La plenaria del Senado de la República negó en último debate el proyecto de ley que regula el cannabis para uso adulto. La votación fue de 47 votos a favor (se necesitaban 57) para el ultimo debate.
La cuestión principal es ¿en verdad ganó la legalidad cuando la dosis mínima y consumo están permitidos? Para ello basta recordar la reciente Sentencia de la Corte Constitucional que reafirmó la prohibición de dichas sustancias en parques y zonas de espacio público PERO PERSISTE en PROHIBIR su VENTA Y DISTRIBUCIÓN. Sin embargo, tal doctrina es tan ambigua porque no todo consumidor tiene su jardín para cultivar su adicción, y tan absurda porque los consumidores aprovechan dichas zonas públicas desde que la prevención quedó en la mera prohibición.
Entonces ¿por que celebra la oposicion? ¡Facil! porque sin una regulación realista el negocio se lo llevan unos pocos que muy probablemente patrocinan y pertenecen a esos partidos políticos que supuestamente reivindican la lucha contra una "legalización de las drogas" que actualmente permite su consumo pero no compraventa en Colombia, o sea se penalizan dichas conductas.
Para aclarar lo anterior Colombia aprobó en el 2016 un marco que regula la producción, distribución, venta y exportación de semillas y otros derivados del cannabis, así como su uso medicinal pero hasta ahora el país no había permitido la exportación de la flor de cannabis seca; ya en 2021 Iván Duque autorizó la venta legal y la exportación mundial de cannabis seco con fines médicos.

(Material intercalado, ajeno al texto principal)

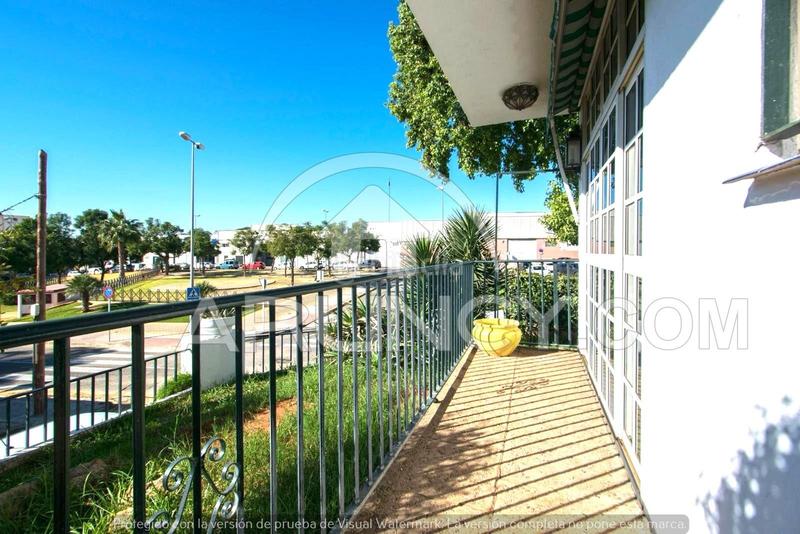 Foto 5ff81fd3-9322-44c8-a1dc-30c05991980a. Xalet amb aparcament piscina a La Paz Alcalá de Guadaira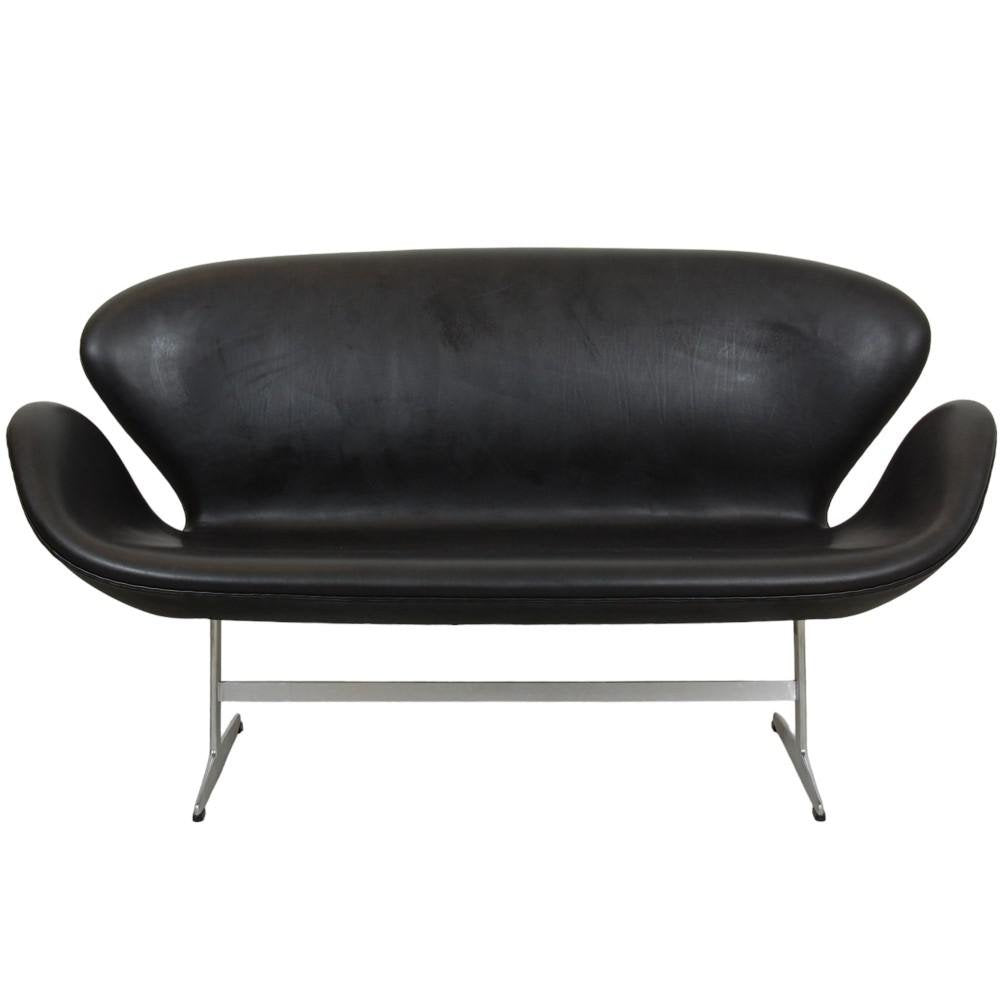 Swan Sofa in Black Grace Leather by Arne Jacobsen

De tal modo que la modificación constitucional fallida pretendía que su uso recreativo agilice una industrialización de un sector que genera miles de empleos con millones de utilidades, que tristemente quedan en manos de unas multinacionales que aprovechan los bajos costos de producción en Colombia.
Eventualmente la discusión dejará de ser política cuando las marrullerías politiqueras de los que se benefician de la persistente penalización parcial del consumo del cannabis no puedan evadir las cuantiosas ganancias que se llevan unos pocos que monopolizaron un negocio muy rentable y cuyo aporte total a una economía como la canadiense, sumando las inversiones de capital hechas en la industria para desarrollar la infraestructura productiva y para la comercialización, se calculan en $29.000 millones dólares canadienses (US$22.300 millones).